(Beginning of MATERIAL FOR THE TASK)

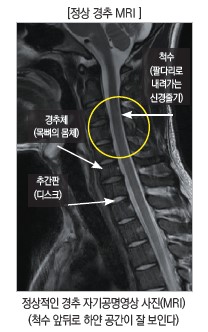  [정상 경추 MRI] 척수 (팔다리로 내려가는 경추체 (목뼈의 몸체) 신경줄기) 추간판 (디스크) 정상적인 경추 자기공명영상 사진(MRI) (척수 앞뒤로 하얀 공간이 잘 보인다)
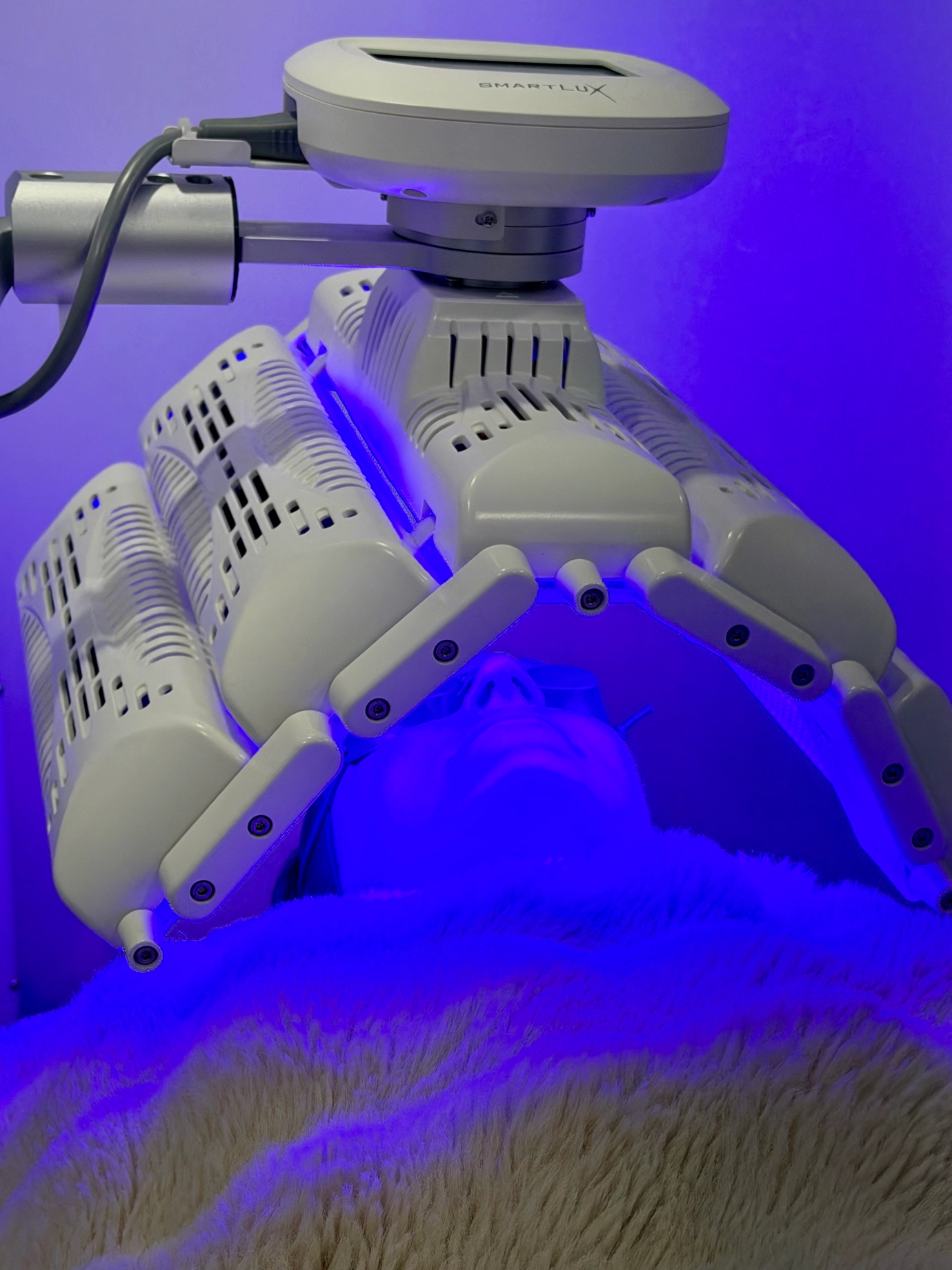 Blue Light Led Therapy for Acne Management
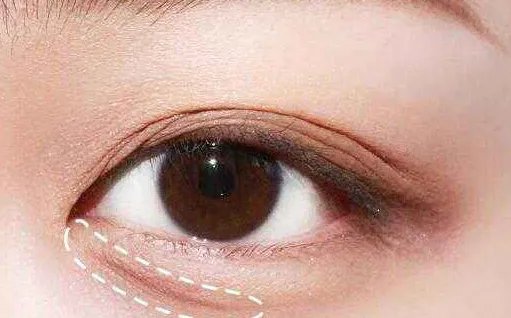 韩式开眼角的效果好吗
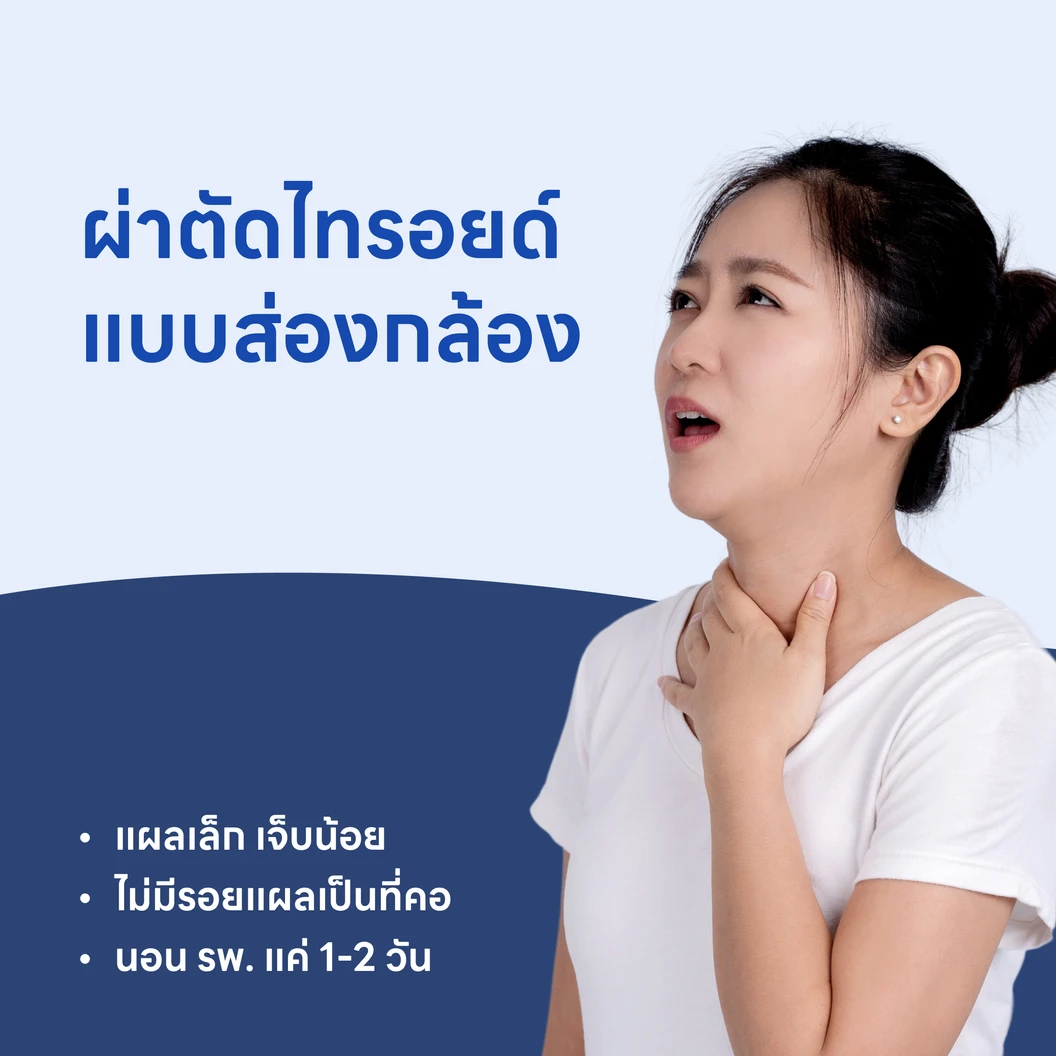 ผ่าตัดไทรอยด์แบบส่องกล้อง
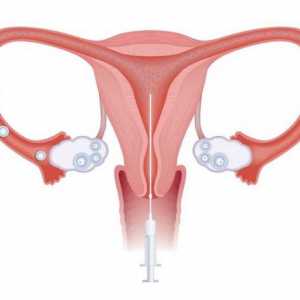 Kada se koristi intrauterini osjemenjivanje?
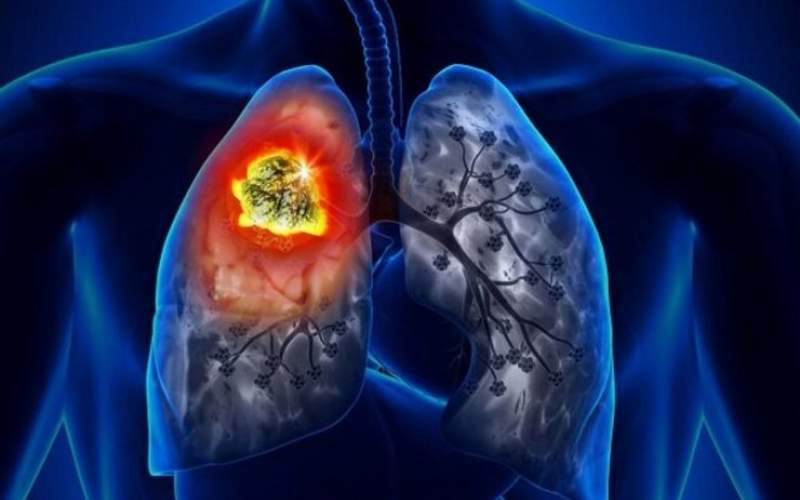 علائم عجیب سرطان ریه را بشناسید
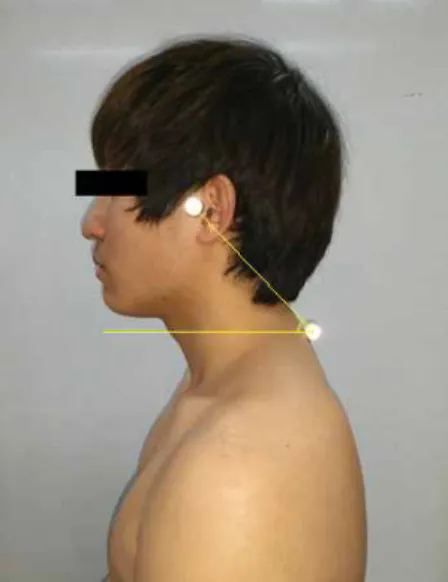 Figure  1.  Measurement of craniovertebral angle (CVA).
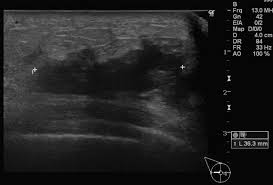 As a result, the cyst appears as a black spot in the ultrasound image. Inflammatory Breast Cancer Associated With Amyopathic Dermatomyositis A Case Report Surgical Case Reports Full Text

(End of MATERIAL FOR THE TASK)

> WHAT TO DO:
After locating the line with "Kada se koristi intrauterini osjemenjivanje?" in the listing above, transcribe it and every line after it to the last, exactly, with no pictures.

> REPLY:
 Kada se koristi intrauterini osjemenjivanje?
 علائم عجیب سرطان ریه را بشناسید
 Figure  1.  Measurement of craniovertebral angle (CVA).
 As a result, the cyst appears as a black spot in the ultrasound image. Inflammatory Breast Cancer Associated With Amyopathic Dermatomyositis A Case Report Surgical Case Reports Full Text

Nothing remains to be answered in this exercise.